In a step response of a second-order lag system, it is understood that, assuming that an output follows a target value when the output is within ±5% of the target value, a system attenuation coefficient ζ with which an operation is stopped at a fastest speed in monotonous deceleration where resonance does not generally occur is approximately 0.7 (=1/√2). Accordingly, this value can be set to an index value ζ_r of the system attenuation coefficient ζ.
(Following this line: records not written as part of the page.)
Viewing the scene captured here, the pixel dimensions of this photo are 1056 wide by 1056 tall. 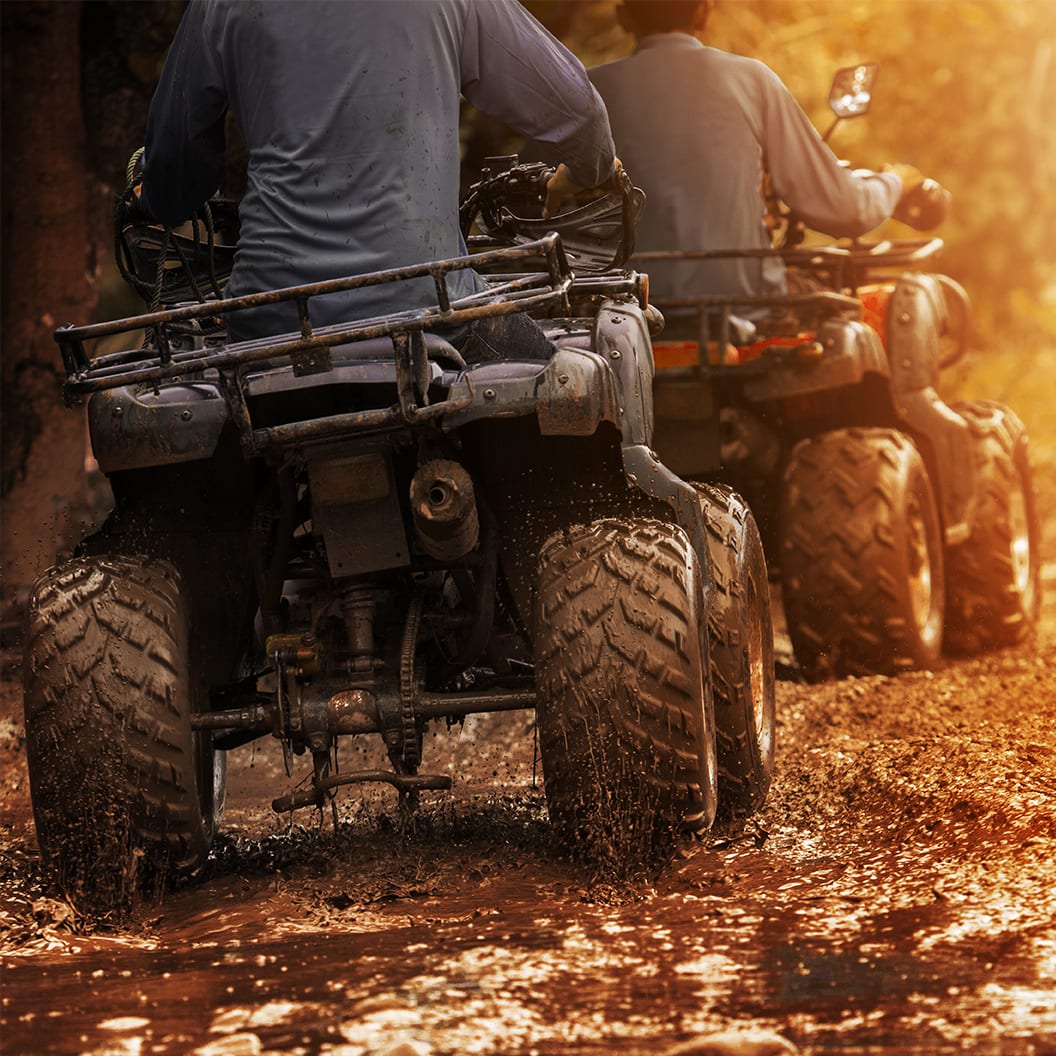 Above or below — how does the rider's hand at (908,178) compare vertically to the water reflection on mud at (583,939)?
above

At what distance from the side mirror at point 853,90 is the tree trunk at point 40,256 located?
366 centimetres

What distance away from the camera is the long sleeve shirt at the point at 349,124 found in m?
4.84

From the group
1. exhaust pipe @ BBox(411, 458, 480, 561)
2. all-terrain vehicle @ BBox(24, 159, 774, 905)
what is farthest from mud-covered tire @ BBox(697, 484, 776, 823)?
exhaust pipe @ BBox(411, 458, 480, 561)

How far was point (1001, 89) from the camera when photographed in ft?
67.8

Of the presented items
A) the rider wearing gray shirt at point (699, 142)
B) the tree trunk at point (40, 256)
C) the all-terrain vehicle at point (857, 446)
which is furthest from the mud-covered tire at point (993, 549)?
the tree trunk at point (40, 256)

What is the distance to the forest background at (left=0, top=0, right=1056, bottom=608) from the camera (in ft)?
31.7

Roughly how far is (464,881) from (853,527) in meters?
3.14

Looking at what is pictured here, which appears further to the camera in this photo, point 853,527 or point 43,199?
point 43,199

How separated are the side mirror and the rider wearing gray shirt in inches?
6.9

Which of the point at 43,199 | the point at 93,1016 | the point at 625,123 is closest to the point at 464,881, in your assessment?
the point at 93,1016

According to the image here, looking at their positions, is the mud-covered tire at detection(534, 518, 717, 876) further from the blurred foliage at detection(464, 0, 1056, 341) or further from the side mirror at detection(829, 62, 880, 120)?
the blurred foliage at detection(464, 0, 1056, 341)

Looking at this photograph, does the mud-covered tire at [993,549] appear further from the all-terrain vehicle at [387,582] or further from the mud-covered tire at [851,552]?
the all-terrain vehicle at [387,582]

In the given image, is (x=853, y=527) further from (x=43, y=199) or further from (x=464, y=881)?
(x=43, y=199)

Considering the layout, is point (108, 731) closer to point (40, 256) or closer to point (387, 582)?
point (387, 582)
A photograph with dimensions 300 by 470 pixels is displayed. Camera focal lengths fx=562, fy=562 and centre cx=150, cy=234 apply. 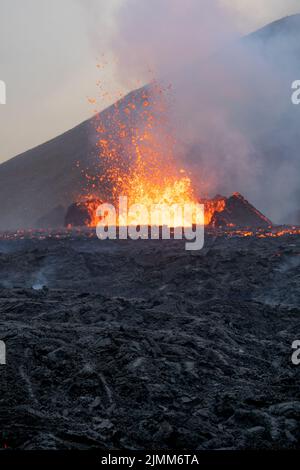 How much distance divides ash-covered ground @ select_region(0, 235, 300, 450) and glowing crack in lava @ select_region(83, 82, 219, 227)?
153 ft

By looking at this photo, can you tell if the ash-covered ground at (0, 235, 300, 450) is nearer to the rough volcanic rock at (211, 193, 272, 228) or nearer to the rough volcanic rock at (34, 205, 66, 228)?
the rough volcanic rock at (211, 193, 272, 228)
Next, although a speed responsiveness becomes higher as a natural angular frequency ω_n is larger, and the operation stops speedily, there is a limit with respect to a speed at which the operation can be stopped depending on the specification, the condition or the like of an excavator and the like, and an upper limit of a natural angular frequency on is determined based on such a limit speed. In view of the above, in order to stop the operation by taking into account a characteristic of the machine earliest and to determine an upper limit value of a natural angular frequency ω_n, a sudden stop is performed by a sudden operation under the above-mentioned test condition (see FIG. 7 ), and system parameters at the time of sudden stop are estimated, and control engineering parameters formed of a system attenuation coefficient ζ and a natural angular frequency ω_n are calculated.

FIG. 14 is a view showing a change with time in a combined-center-of-gravity speed in a test for setting index values according to the present embodiment. FIG. 15 is a view showing a change with time in a lever input in the test for setting the index values according to the present embodiment. FIG. 16 is a view showing a parameter table calculated from data shown in FIG. 14 and FIG. 15 .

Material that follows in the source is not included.